*** Source information ***

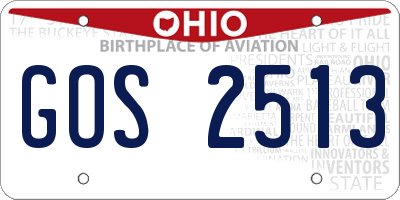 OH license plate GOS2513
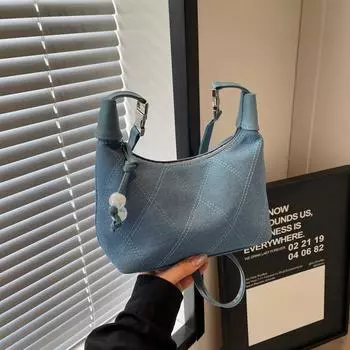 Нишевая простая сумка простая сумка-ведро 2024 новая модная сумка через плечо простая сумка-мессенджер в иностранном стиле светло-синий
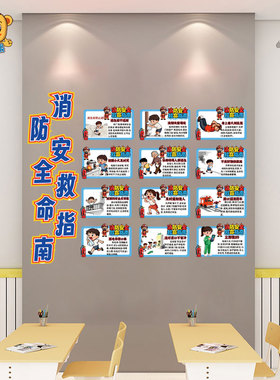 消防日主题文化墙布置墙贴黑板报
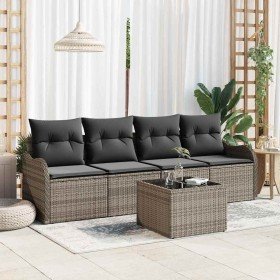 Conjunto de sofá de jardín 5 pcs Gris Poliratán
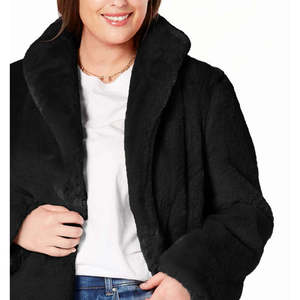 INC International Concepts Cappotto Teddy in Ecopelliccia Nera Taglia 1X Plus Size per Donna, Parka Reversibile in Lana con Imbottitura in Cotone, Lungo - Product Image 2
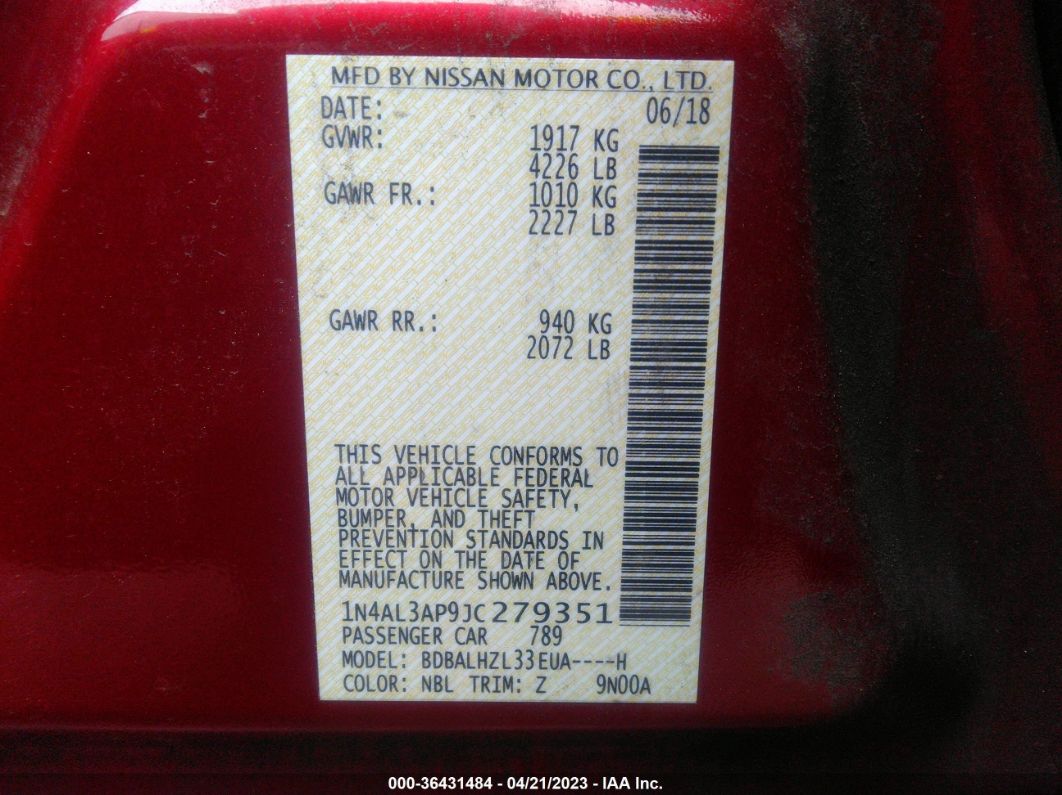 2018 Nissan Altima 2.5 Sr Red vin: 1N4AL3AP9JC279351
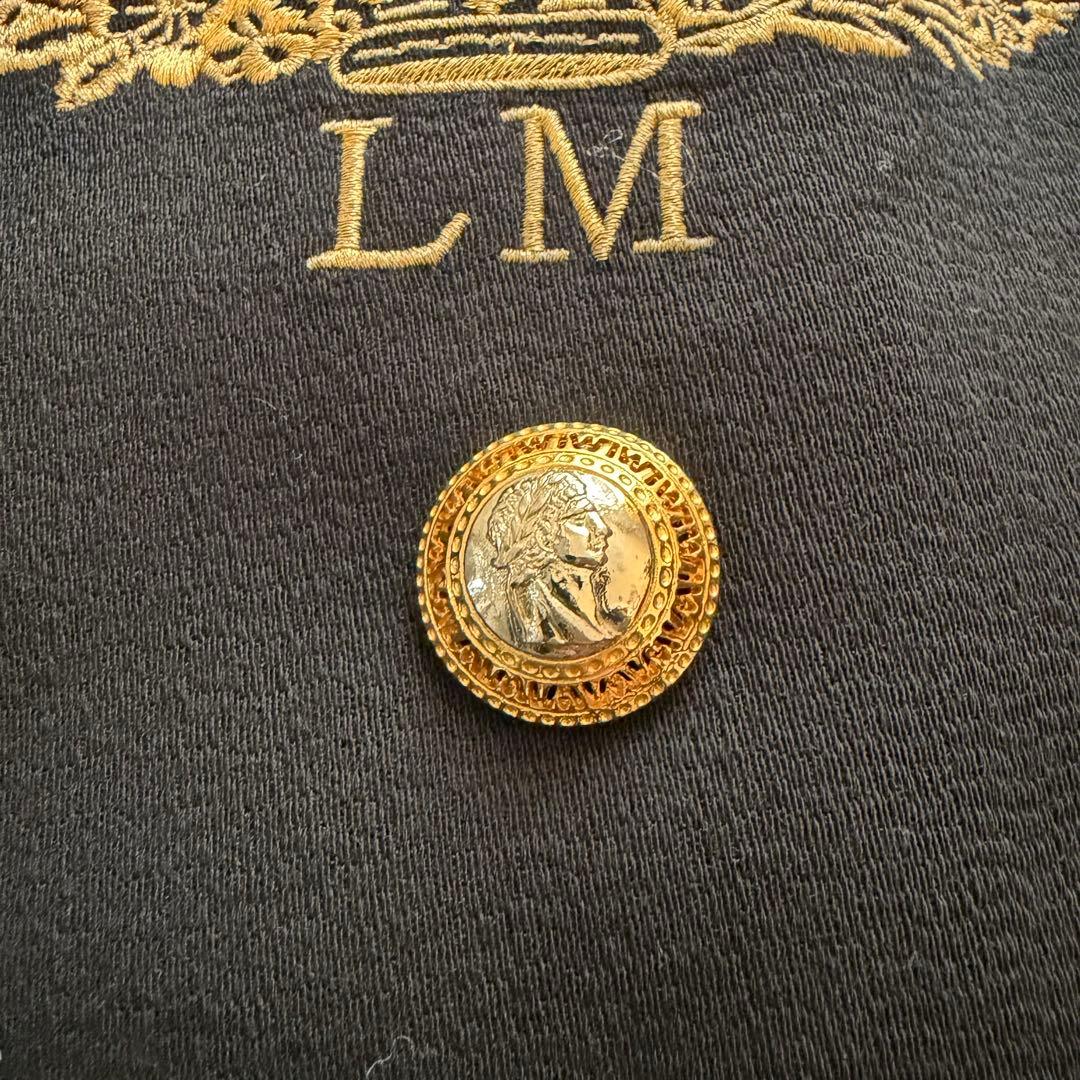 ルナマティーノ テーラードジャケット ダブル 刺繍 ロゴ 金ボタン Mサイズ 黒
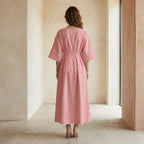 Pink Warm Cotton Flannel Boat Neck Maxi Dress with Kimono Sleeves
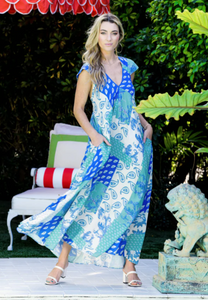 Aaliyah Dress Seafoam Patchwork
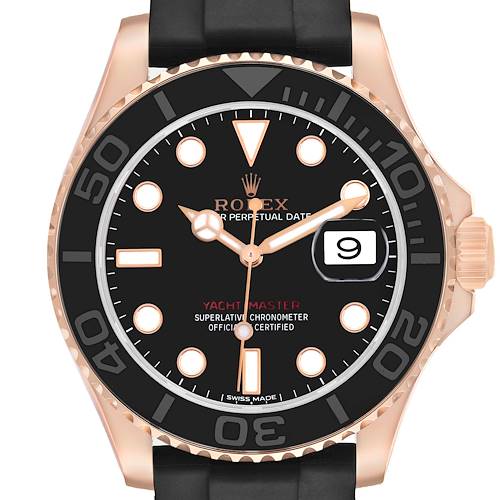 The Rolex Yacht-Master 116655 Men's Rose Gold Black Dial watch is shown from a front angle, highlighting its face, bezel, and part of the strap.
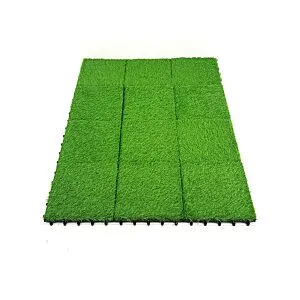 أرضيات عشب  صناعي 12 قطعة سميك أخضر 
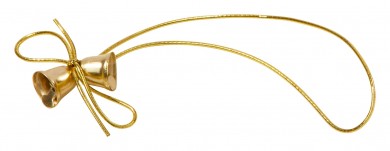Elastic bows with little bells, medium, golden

***
*** Source information ***

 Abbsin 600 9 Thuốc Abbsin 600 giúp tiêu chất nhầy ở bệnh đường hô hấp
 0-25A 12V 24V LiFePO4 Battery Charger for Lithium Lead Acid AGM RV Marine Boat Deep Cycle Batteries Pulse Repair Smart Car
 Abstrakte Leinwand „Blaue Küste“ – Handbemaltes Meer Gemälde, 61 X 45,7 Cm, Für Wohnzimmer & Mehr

***
*** Source information ***

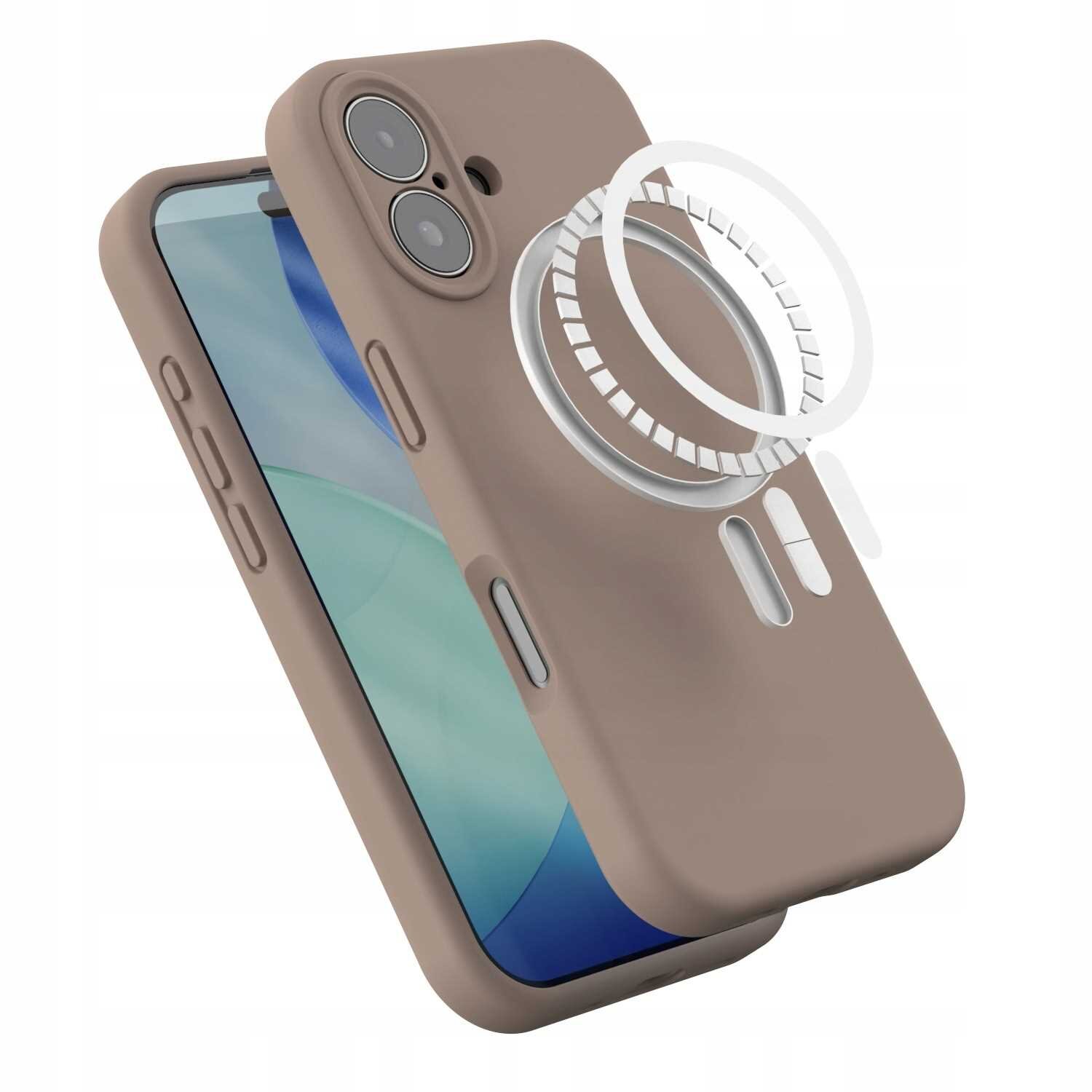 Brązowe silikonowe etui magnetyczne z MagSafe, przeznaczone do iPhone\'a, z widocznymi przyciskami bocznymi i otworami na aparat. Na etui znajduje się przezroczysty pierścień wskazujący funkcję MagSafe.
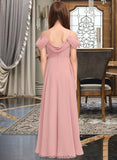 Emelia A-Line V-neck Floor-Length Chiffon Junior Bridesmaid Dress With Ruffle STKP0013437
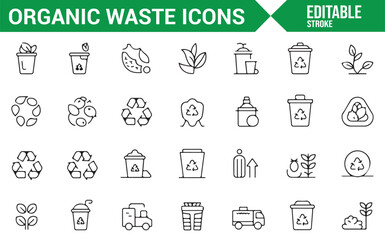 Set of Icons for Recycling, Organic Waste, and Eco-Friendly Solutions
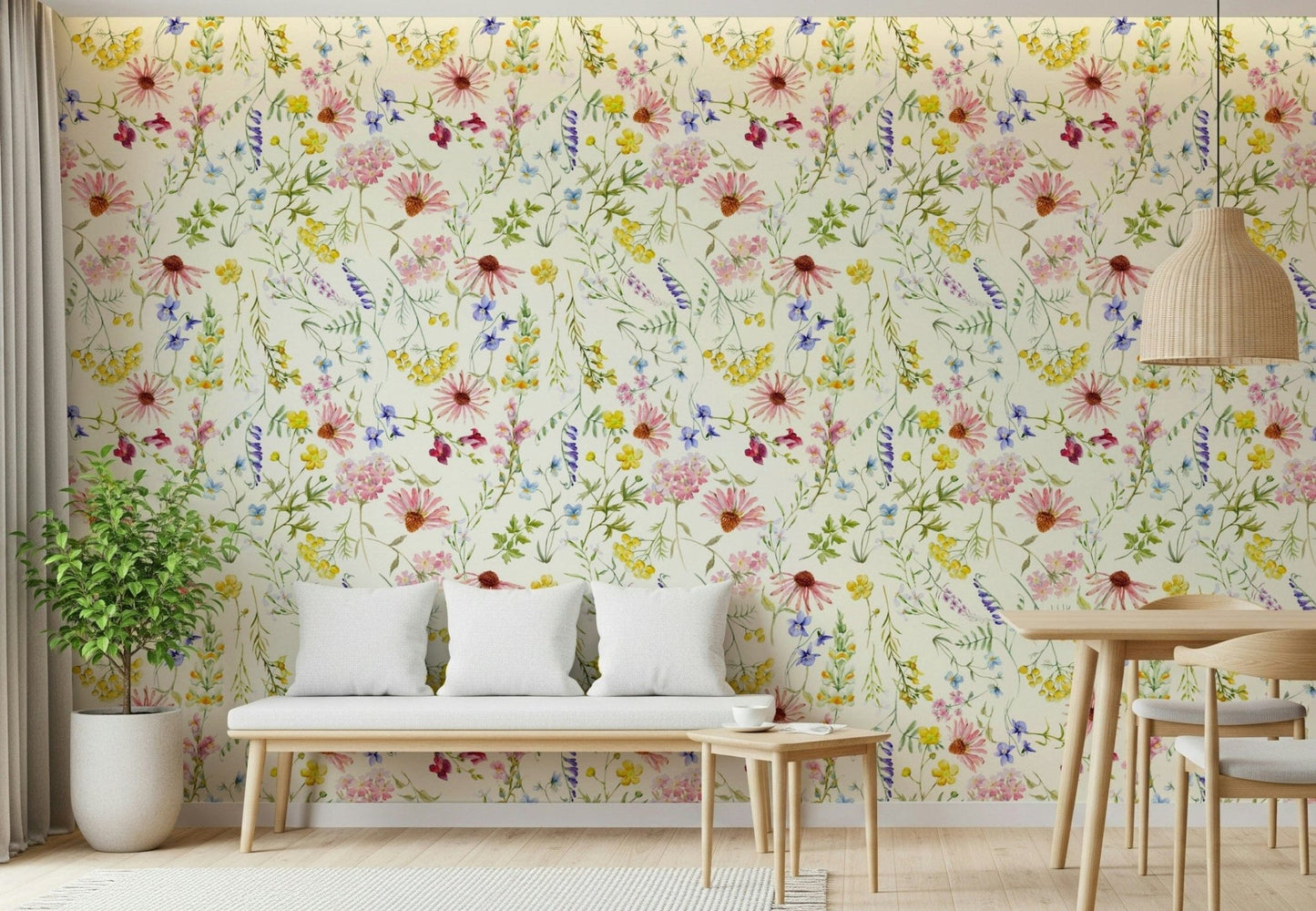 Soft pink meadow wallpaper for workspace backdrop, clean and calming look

***

What is needed is a verbatim copy of every line in the records above from the one containing "0-25A 12V 24V" down to the one containing "Abstrakte Leinwand „Blaue", both included, and nothing more.

- _Result of the task_
 0-25A 12V 24V LiFePO4 Battery Charger for Lithium Lead Acid AGM RV Marine Boat Deep Cycle Batteries Pulse Repair Smart Car
 Abstrakte Leinwand „Blaue Küste“ – Handbemaltes Meer Gemälde, 61 X 45,7 Cm, Für Wohnzimmer & Mehr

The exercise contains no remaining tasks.